Dreamweaver is Pretty Darn Dreamy

Macromedia's Dreamweaver impressed Dan Sarto. Read on for why this web authoring tool is hard to beat.

I haven't used every single new web authoring tool on the market, and chances are I never will. I'm much too busy cheating at Duke Nukem. So, I honestly can't say that Macromedia's Dreamweaver version 1.2 is better than every other such program on the market. What I can say is that since I began using this product, I am hard pressed to find a reason why I would ever need or want to switch to another web page development program.

The program boasts a comprehensive array of features that let both novices and experts alike design and create professional looking web pages. The graphical user interface displays the right amount of information without being cumbersome, unwieldy or confusing. The window and palette layout is tight and functional without making me dizzy. No more tennis elbow moving everything around before I can actually use the program to do something. How novel.

Quickly Getting to Work
Several things about the program immediately impressed me. First, I was able to edit some pretty sophisticated pages in minutes, without glancing at the manual, clicking the help button, or calling our webmaster on the intercom. Creating several new pages, in this case some commerce catalog prototypes, was equally as easy. New tables can be inserted on the page quite easily, their placement, width, border size and other attributes configured from the Property Inspector palette in a snap. I popped on some graphic images and corresponding URL links just as quickly.

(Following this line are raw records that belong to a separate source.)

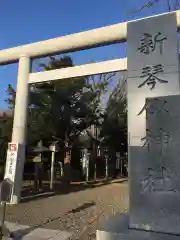 新琴似神社の鳥居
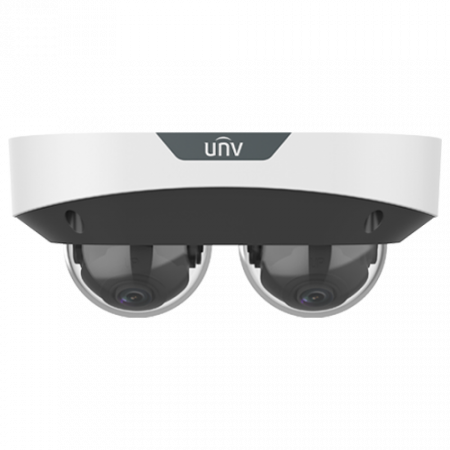 Camere supraveghere IP - Dual Chanal - Camera IP, 2 x 4MP, lentila 2.8mm, IR 30m, Mic., Alarma, PoE, IK10 - UNV IPC3224SS-ADF28K-I1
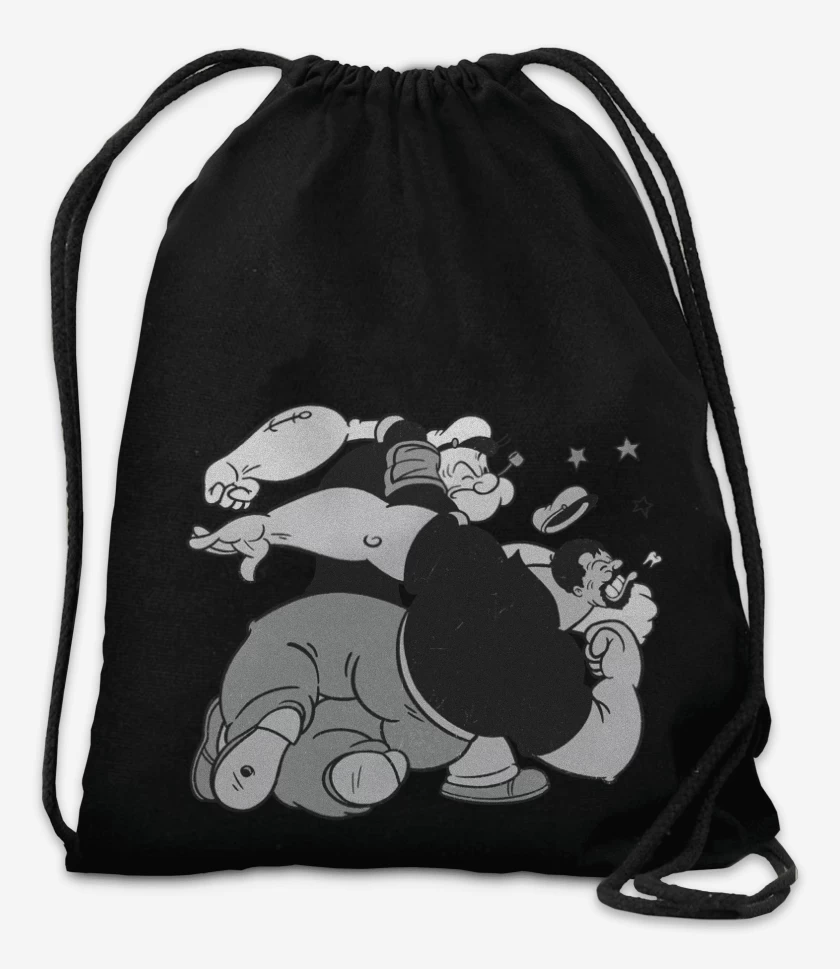 Mochila Negro de Mangazo al Brutus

I'm the type of developer that would rather reformat old floppies than spend hours poring through documentation. When I get stuck, I go straight to the index, and work my way backwards through the manuals to find the reference materials I need. Dreamweaver's documentation is clearly written, and the on-line help is indeed helpful. The Macromedia web site is dedicated to support the Dreamweaver user and the developer community has proven extremely useful. For example, poring over several real-life code examples helped me understand some of the more advanced program features involving rollovers, where the user can program different "behaviors" to occur when a mouse passes over a certain section of the page.

Technical Support
It never ceases to amaze me how many software companies leave their users high and dry after purchase, providing web sites containing pitifully outdated and incomplete FAQs and expensive "incident" packages as the sole means of technical support. Is it any wonder that third-party technical "how-to" manuals now outsell low-fat cookbooks? Product purchase is only the beginning. If I'm going to invest hundreds of man hours and thousands of dollars of developer time in such a tool, the software developer should be as serious about the product as I am, especially web page design tools.

The browser battles with their Java tug-of-war, standards changes within the HTML and DHTML specifications, compounded by the varied and buggy versions of browsers that populate the bazillions of PCs around the world, make web site development a complex and often difficult task. Macromedia's Dreamweaver program is built and promoted as a professional tool that anyone can use, and their support site is ample evidence of their commitment to the developer base. I see no reason to doubt Macromedia's intention and capability to develop and upgrade Dreamweaver as the realities of development for the web shift in the near future.